Kyse connected with Grace-Mar in February. Its Youth-Build program provided him free job training and even paid him weekly just to show up. He’s now a certified apartment maintenance tech, or CAM-T, a skill set that would have cost him upward of $1,000 at a trade school.
He says Kenneth and Grace Smith of Grace-Mar made good on their promise from day one.
“We’re going to train you, get your CAM-T. You’re going to be working, and through that job you’ll be able to get that apartment. And it all happened,” he said.
Now, he’s a maintenance technician at a senior facility in Belmont.
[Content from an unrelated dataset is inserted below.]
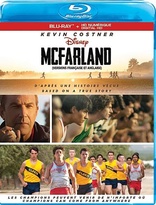 McFarland, USA (Blu-ray Movie)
“This job has changed my life ultimately for the better,” he said. “I like that it’s not a dead-end job. It’s a career I could see myself excelling in.”
He says like many other Americans decided during the pandemic, he’ll never go back to a minimum-wage job.
“Telling people get up and get a job — it’s a lot easier said than done for a lot of people,” Kyse said. “They want something better for themselves, but they don’t know how to get it.”
He says he knew he had to make a change for good earlier this year.
“My breaking point with the dead-end jobs was — I was working at Wing Stop. Just every time I clocked in, I felt like it was just draining my energy to just be there,” he said.
He shared advice for people who find themselves where he was earlier this year.
“Just don’t give up on yourself,” he said. “When opportunity knocks, you’ve got to answer and give it your all.”